If we measure speed (Story Points/ day), Developers mistakenly attach self-worth to their ability to deliver fast and will try to increase speed however they can. This can result in some gaming of the system:
  • inflated estimations
  • post-estimating tickets that took longer
  • adding pointed tickets for meeting time
For Story Points to bring value to the Scrum team, we must identify the difference between “value-adding” tasks and “non-value-adding” tasks. A value-adding task is one that contributes to creating the final product’s value to the user. There are two kinds of non-value-adding tasks:
  • Required: the activities we accept we must do to enable the valuable transformations (or to spend more time on value-adding tasks). For example, our team writes a small technical strategy on each ticket outlining the changes we expect to make in the ticket. This is required, as having a set of instructions to follow while coding increases our productivity.
  • Non-required: things that don’t contribute at all to value for the end user.
The main value-adding developer task is writing the line of code that gets deployed to production and gets run by a user.
I assert that Complexity Points should only be a measure of value-adding tasks and Developers should defend this as a mechanism for making their work more fulfilling.
This way, when a drop in speed is shown on our burndown chart, it visually illustrates that the Developer encountered some problem that prevented them from delivering value. We can then react and prevent the problem from reoccurring; solving these small everyday problems and ensuring the team is constantly learning creates compounding positive effects on the environment the developers have to deliver value.
In practice, this means that when making estimations, I think about the elements of the system that will need to change to do this ticket (i.e. roughly the git diff for the resulting PR) and assign Story Points in comparison to previous tickets of similar sizes (we call these reference tickets which are used to keep the sizing of estimations consistent over time). This trick, thinking about the git diff as a mental model for ticket estimations, keeps me from subconsciously estimating based on the time I think it will take me to complete.
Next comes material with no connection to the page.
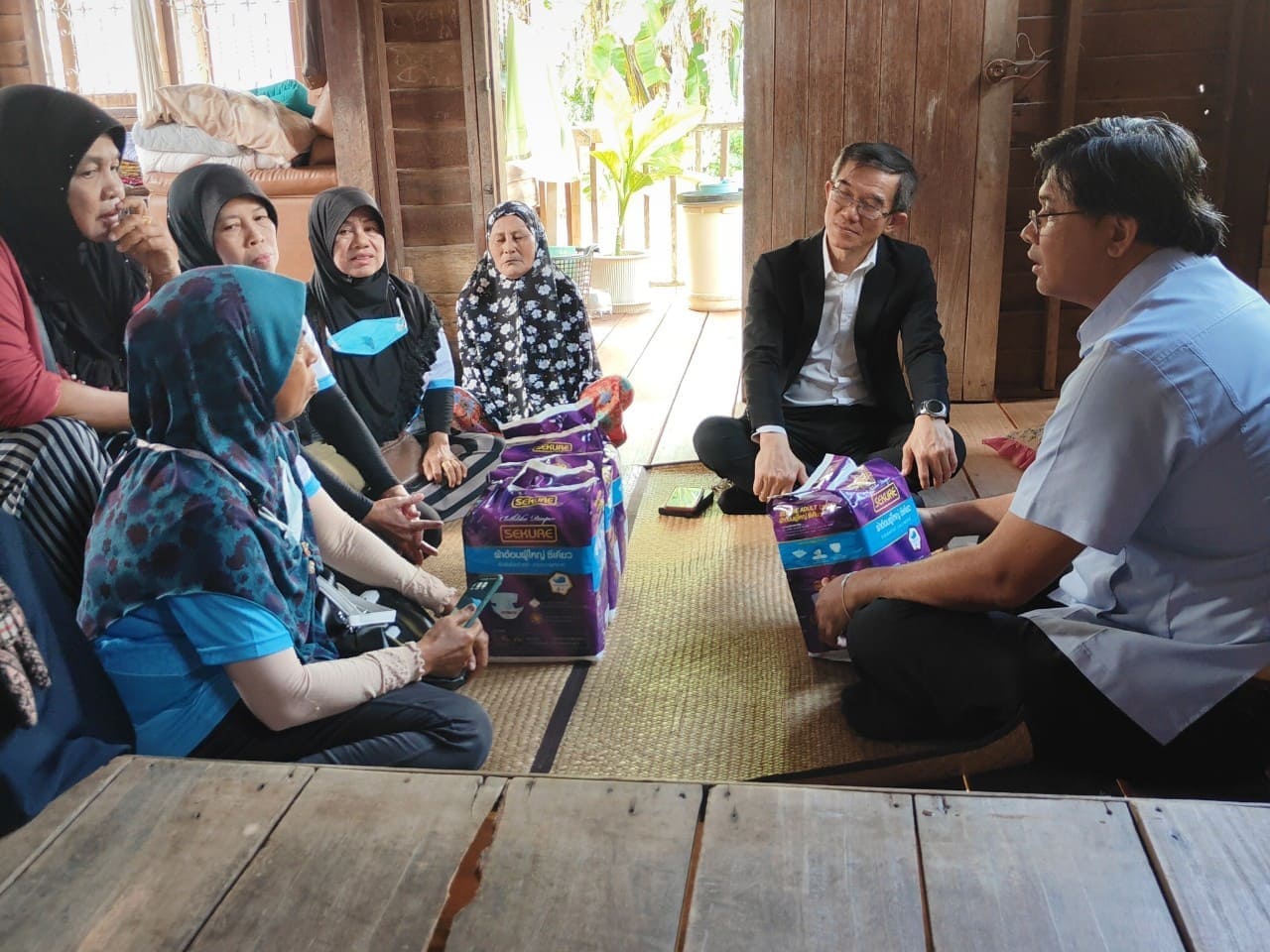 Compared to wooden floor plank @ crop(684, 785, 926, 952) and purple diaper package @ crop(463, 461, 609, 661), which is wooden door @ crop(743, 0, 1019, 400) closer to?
purple diaper package @ crop(463, 461, 609, 661)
A Small Example of How to Estimate

There are lots of problems on my current project. Our burdown chart is a tool to highlight these problems so that we can see and solve them.
Here’s an example of a problem I see on our project and how it unfolds in both systems.
In order to change the behaviour of some of our app’s flows, we have a visual code editor (a lo-code tool, that we can use to visually represent a user flow), from which we export and deploy an XML representation which then controls the app logic. At some point, to extend the functionality of this lo-code tool, someone wrote a script which takes the XML output and does some pre-processing before we deploy it. Over time, this script got more complicated and we started using features of this lo-code that meant that all our exports were no-longer compatible with the pre-processing script.
Our process to change functionality in these flows is now:
  1. go to the visual editor and make some changes
  1. save and export the user flows
  1. manually edit the exported output so it is compatible with out pre-processing script
  1. run the pre-processing script against the output
  1. add an SQL script (don’t ask) which deploys the new code on app start-up
All this process takes time, but produces a PR with fairly minimal diff.
This is a problem. The user doesn’t care about any of these steps, only the lines of deployed code that produce the desired behaviour–if I can reduce my time on these non-value-adding tasks, I can spend more of my time writing cool features for users.

Estimating by Time

If we’re playing to the system that the Project Managers want us to use, we would include some extra Story Points to account for the fact that more time will be spent doing these extra steps. In this case, we give a more accurate indication of when we expect the work to be complete (we give a bigger estimation because it will take more time), however our burdown chart now hides the problems that we know exist.
notion image
Further, increasing an estimation for a task that is more “complex” or more uncertain, is just a proxy for saying, “we expect this to take more time. Some people believe the tradition of using Fibonacci for Story Point values is because it accounts for uncertainty with larger items of work, but this shouldn’t be true–using complexity as a unit for estimations explains Fibonacci usage by pointing out that our projection of what the required changes (diff) gets less precise the bigger the piece of work (I still think we use Fibonacci because it’s nerdy).

Estimating by Complexity

As the diff is small (i.e. the value-adding part of the task is small), we have a fewer Complexity Points assigned to this ticket, and when the Developer takes a longer time to complete the ticket, which raises this problem which can be investigated, triggering the Tech Lead to come along and fix the pre-processing script to help the devs move quicker.
notion image
It’s important to note that we shouldn’t plan to fail a Sprint. If we know that we have lots of these tickets coming up, we can use our intuition to reduce our capacity for the Sprint–projecting to do fewer tickets because those we are taking in we project will take longer. A typical case for this might be that we know we are working on an older section of the codebase and that we might run into some nasty, brittle code.
Any time that someone speaks out in a Sprint planning to reduce our capacity, we should also consider their reason for doing so to be a cause for problem-solving:
“Hey, this section of the codebase is a mess, I’m not sure I’ll be able to finish all these this week”.
“OK, let's take out some of these tickets, but we should consider refactoring that section of the codebase so we can continue to work on it quickly in the future”.
Our new burndown chart would look like this–we still plan to complete the Sprint by reducing the capacity, we still see the problem occurring, and we still succeed the Sprint!
notion image

Speed as a Negotiation Tool for Increasing Productivity

With this system, we can do some cool analysis on speed which visualises wasted time due to problems and where we can make the biggest investments for increasing productivity.
If our speed looks like this:
notion image
We can investigate why the speed dropped (and it really did drop in real terms of value produced) for the group of tickets–we will probably discover some nasty code-coupling that can be fixed with a little work!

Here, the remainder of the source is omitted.